→ **PROBLEM TO SOLVE**: Set down the final stretch of the data, from the line that holds "Techno Parade 2009" through the last line, both included, with pictures left out.
(EXCERPTED RECORDS)
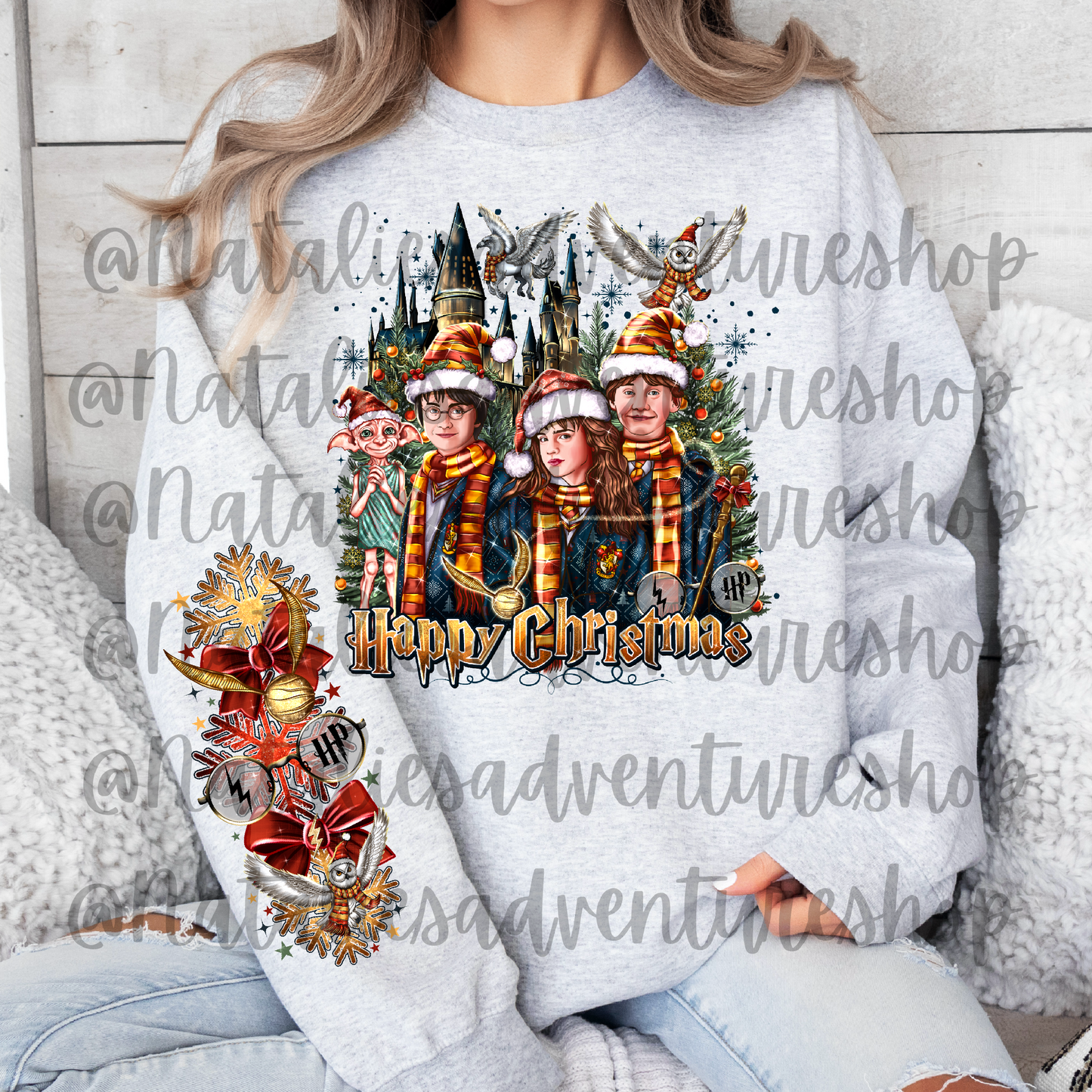 *Pre-Order* HP Wizard Happy Christmas Crewneck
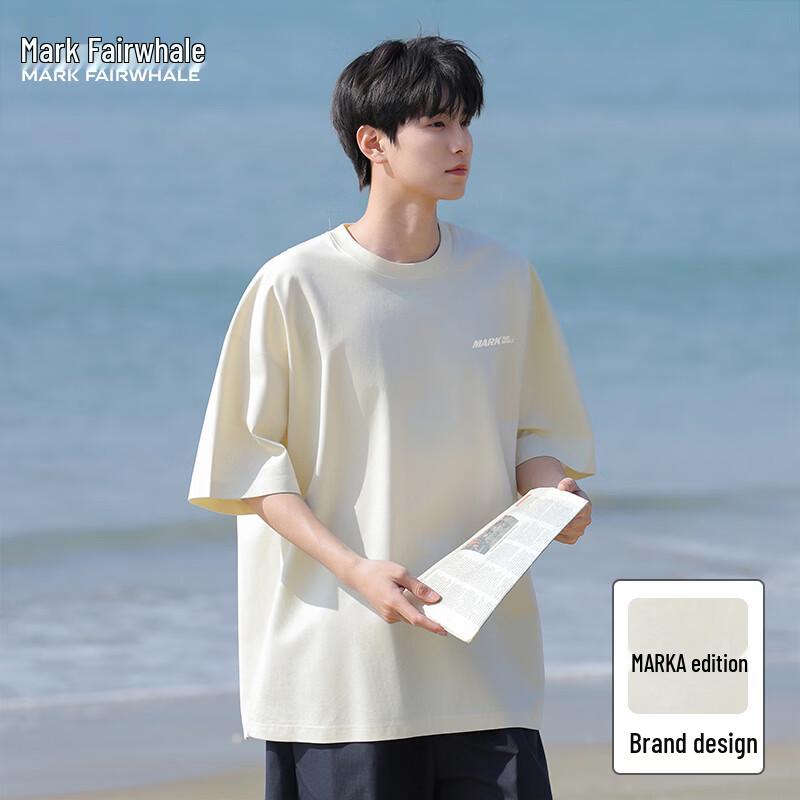 Mark Hua Fei Men s Retro Casual Short Sleeve T-Shirt L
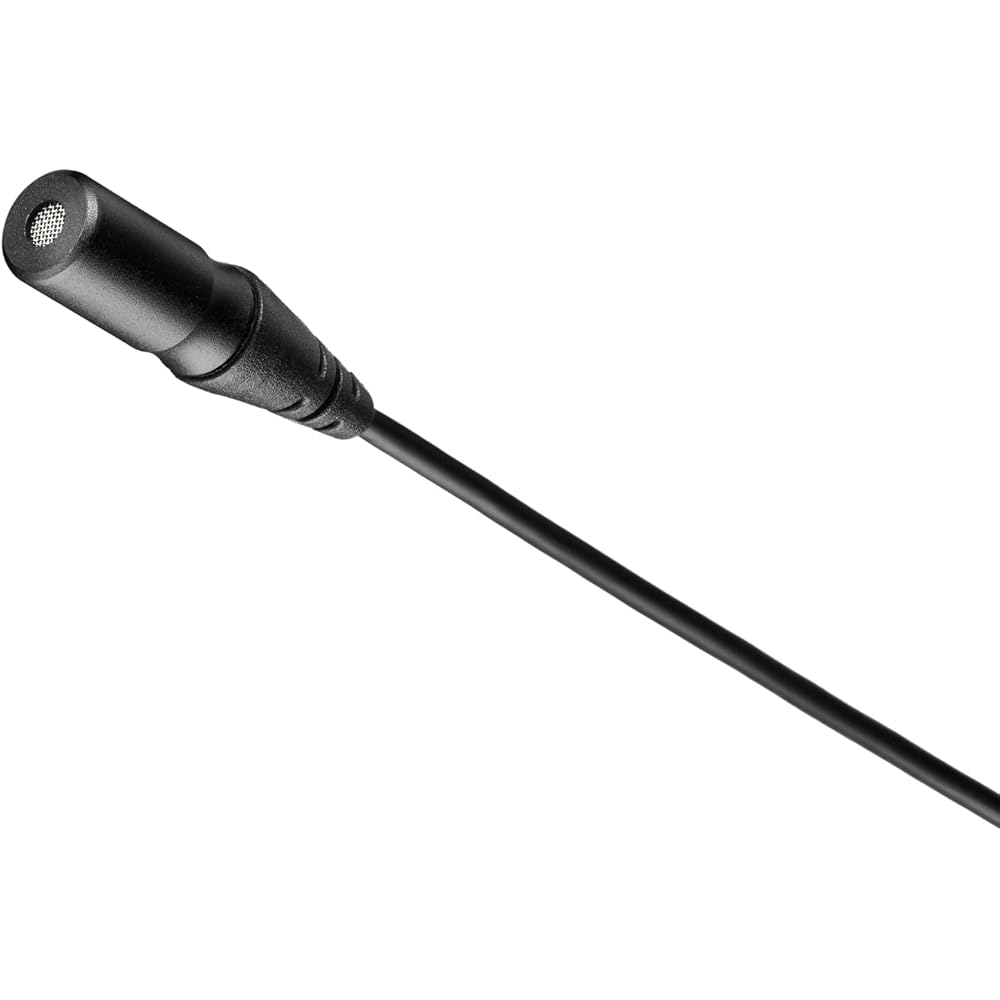 Audio-Technica ATR3700 Camera Lavalier Microphone, Wired, for Streaming, Video Recording, Vlogging, Camera, AUX, External, Mono, 3.5mm Mini Plug, Plug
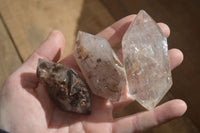 Polished Rare Inclusion Quartz Points x 6 From Madagascar - Toprock Gemstones and Minerals 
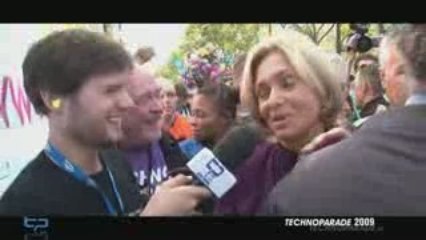Techno Parade 2009 - Interview Valerie-Pecresse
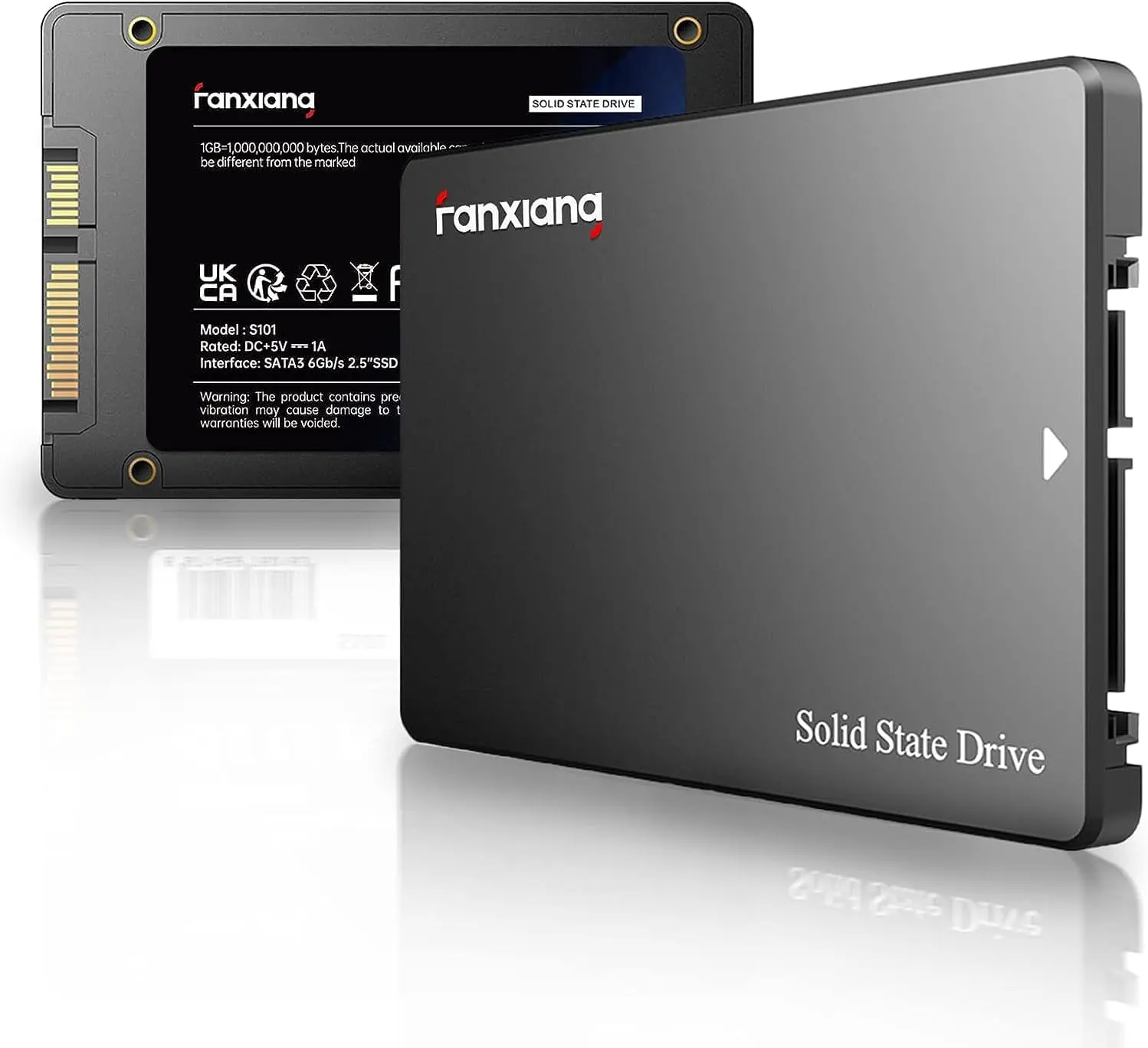 FANXIANG S101 SATA SSD, Internal State Drive SATA III 6Gb/s 2.5" SSD Sata, UP to 550MB/s, Internal Drive Solid State Hard Drive, Upgrade Laptop PC and Desktops summerwins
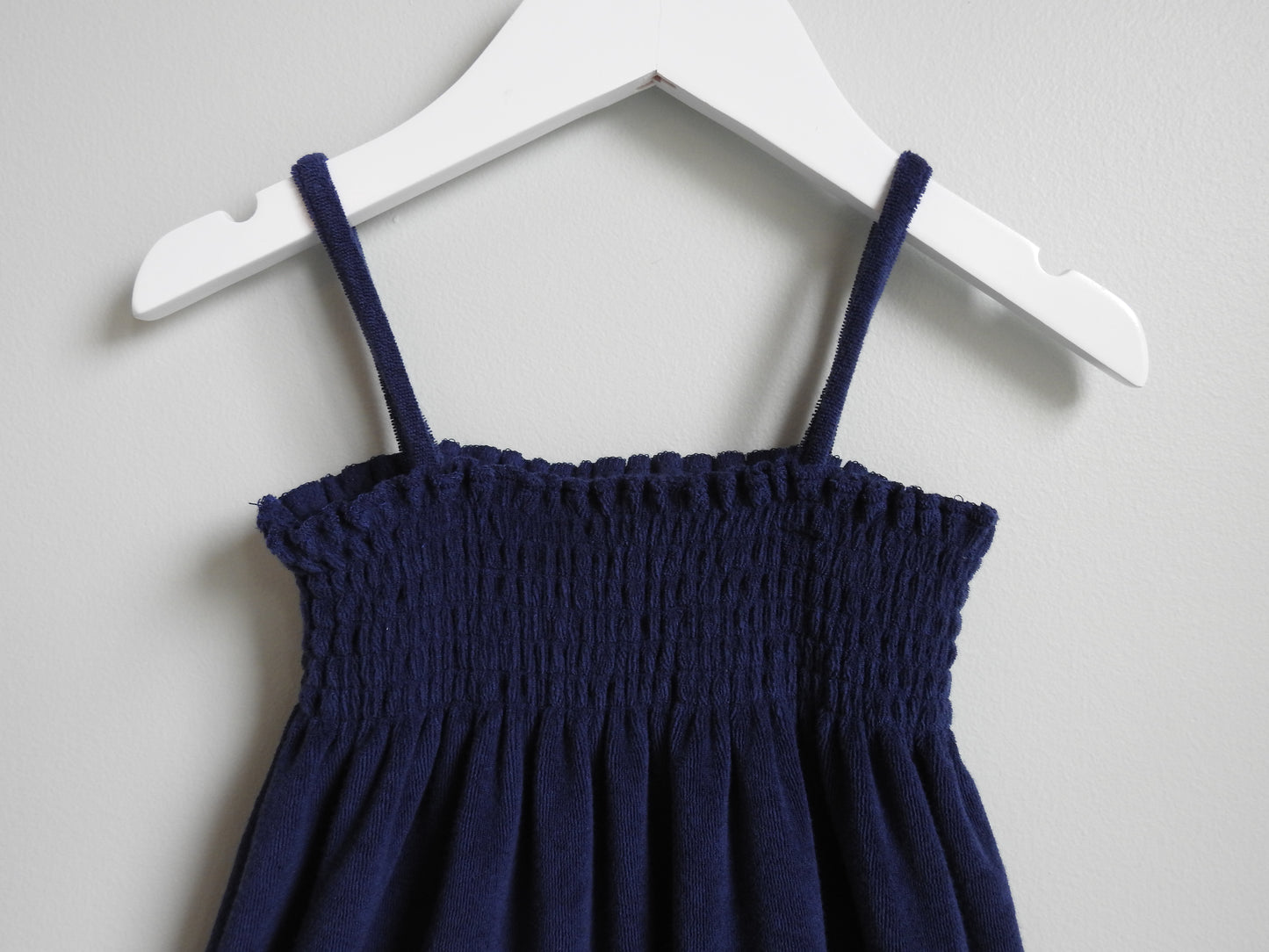 Hanna Andersson Navy Terry Dress with Stars 3Y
(End EXCERPTED RECORDS)
→ **RESPONSE**:
Techno Parade 2009 - Interview Valerie-Pecresse
 FANXIANG S101 SATA SSD, Internal State Drive SATA III 6Gb/s 2.5" SSD Sata, UP to 550MB/s, Internal Drive Solid State Hard Drive, Upgrade Laptop PC and Desktops summerwins
 Hanna Andersson Navy Terry Dress with Stars 3Y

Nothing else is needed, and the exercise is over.